Today I played with marzipan. I did the christmas cake and because I used ready made stuff there was some left over. I made some marzipan sweets by icing them and dipped some in chocolate to make small logs. Very small.

A sortie round Laura Ashley last weekend made me want a throw for the end of the bed made in super-chunky, big wool. I shall knit one, I thought. It will save me buckets of money and be finished by christmas. Well maybe not. To get it chunky enough I had to double up the wool so it will not save me buckets and I will have to wait for another lot of wool to arrive to knit it long enough. At least it doesn't have to come by air. I hear they are keeping camera crews out of Heathrow Airport because the scenes inside are not "happy christmas" ones.

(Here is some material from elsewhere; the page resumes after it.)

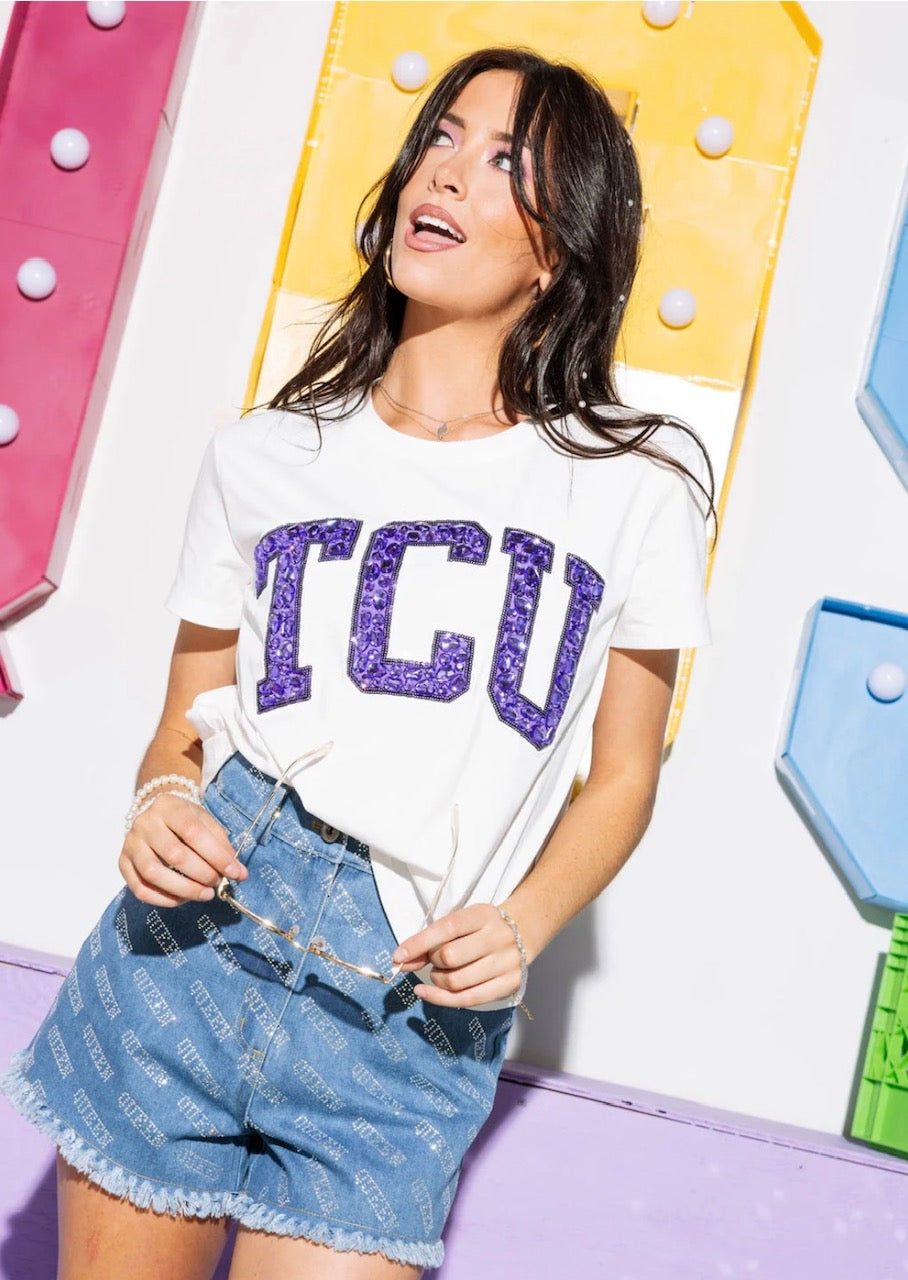 Angled model view of white TCU tee with purple jeweled lettering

It is quite quick to knit up at two stitches to the inch but the needles are a bit unwieldy and the throw is getting heavy. I have a circular needle the same size but I found it tedious to drag the stitches around it all the time, they slide well on the wooden ones though.
Cheers for now


We are very lucky to live near this wonderful place. It is The Bowes Museum at Barnard Castle in County Durham. Today was the Christmas Market and while the rest of England has ground to a halt under a deep heap of snow, we seem to be in a sunny corridor of the country. It is freezing though. Our washing machine is in the outbuildings, which are next on the renovation agenda, and it is unusable because the pipes are frozen. The museum has rarely looked so splendid. There were craft stalls around the parterre and food stalls along the terrace.
We treated ourselves to real bacon, homemade bread, hand crafted cheeses, Tweed Valley honey and Cumbrian mustard. We had lunch as soon as we got home!

Apart from the stalls we wandered round the grounds and museum. A six month ticket costs only £9 if you are old enough. There was a Damien Hirst print exhibition inside and an overwhelming collection of glorious objects on display in the salons.

Santa seems to have a new way of getting his reindeer from one place to another and has found them some work for the rest of the year. I was surprised at how small they are and how very pretty and gentle they seem.

And Yes!!! They were eating snow!!!
Cheers Gillian

Tuesday, 14 December 2010


The bad weather has encouraged us to be grateful for our ability to get around. We are agile enough to put on boots and walk to the farm shop for meat. The last time we did, however, a blizzard made us detour inside the cafe for a lovely homemade bowl of soup. The trudge home was very wearying.
So we have had winter tyres put on the drive axle of the Meriva, and will park it round the corner from the front of the house but facing the main road. That way there will only be a meter or two of ungritted road between us and the cleared main road. More bad weather is predicted by next weekend.
We have a HiQ garage across the road and they are very good to us. They will change the tyres and store the others till it is time to change them back.
Thankfully we have not needed to rely on Hindles! They are somewhere near the Tees estuary and I'm sure they do a great job whatever it is. We went down that way for some sea breezes and gathered another big bag of sea-coal and watched the shipping enter port. Then we went to the main seafront and plodged along the tide line. These sandstone rocks have been worn into smooth folds of chocolate blancmange by the waves and the seaweed grows on top like a green velvet table cloth.

I've enrolled for some classes in art photography for next term. I have done all the painting classes and shan't give up the day job. I like pointing a camera and would love to know a bit more about how it all works and how to do better pics.
We had a lovely couple of days away seeing friends and rels, eating, drinking and driving. All went without a hitch. Christmas will be at home and we plan to shop till we drop this week and then retire while the bad weather hits.
We are having great fun with Kinect and have supplies of fuel, food, drink, jigsaws etc to see out a siege.
Hope you are all going to be having much of the same.